#### MATERIAL PROVIDED
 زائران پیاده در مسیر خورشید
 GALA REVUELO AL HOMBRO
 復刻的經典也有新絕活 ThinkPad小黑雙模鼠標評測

...

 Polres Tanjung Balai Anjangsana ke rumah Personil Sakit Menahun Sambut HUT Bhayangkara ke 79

#### WORK INSTRUCTIONS
Your task is to restate, word for word, only those lines above that fall between the line holding "زائران پیاده در مسیر خورشید" and the line holding "復刻的經典也有新絕活 ThinkPad小黑雙模鼠標評測", inclusive.

#### SOLUTION TO THIS EXERCISE
 زائران پیاده در مسیر خورشید
 GALA REVUELO AL HOMBRO
 復刻的經典也有新絕活 ThinkPad小黑雙模鼠標評測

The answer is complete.